Eliot Muteba

Personal information
- Full name: Pedro Eliot Narciso Muteba
- Date of birth: 20 June 2003 (age 23)
- Place of birth: Dietersburg, Germany
- Height: 1.69 m (5 ft 7 in)
- Positions: Winger; striker;

Team information
- Current team: Würzburger Kickers
- Number: 7

Senior career*
- Years: Team / Apps / (Gls)
- 2022–2023: 1. FC Nürnberg II / 50 / (12)
- 2024–2025: TSV 1860 Munich / 10 / (0)
- 2024–2025: TSV 1860 Munich II / 7 / (3)
- 2025: → FV Illertissen (loan) / 12 / (1)
- 2025–: Würzburger Kickers / 29 / (3)

International career^{‡}
- 2024–: Angola / 2 / (0)

Medal record
Men's football
Representing Angola
COSAFA Cup
| Winner | 2024 South Africa |  |

= Eliot Muteba =

Angolan footballer (born 2003)

Pedro Eliot Narciso Muteba (born 20 June 2003) is a footballer who plays as a winger or striker for Regionalliga club Würzburger Kickers.

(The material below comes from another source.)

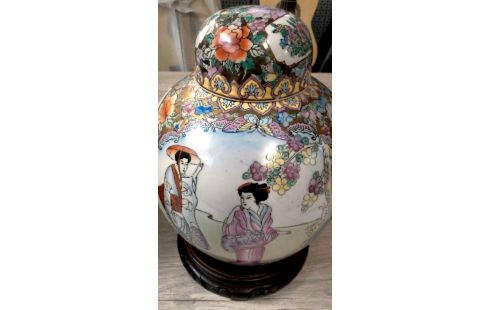 JARRÓN CON TAPA CHINO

Born in Germany, he is an Angola international.

==Early life==

Muteba was born in 2003 in Germany. He is the younger brother of German footballer Daniel Muteba.

==Career==

In 2022, Muteba signed for German side 1. FC Nürnberg II. He was regarded as one of the club's most important players. In 2024, he signed for German side TSV 1860 Munich.

==Style of play==

Muteba mainly operates as a winger or striker. He is known for his speed.

==Personal life==

Muteba is of Angolan descent. He is a native of Lower Bavaria, Germany.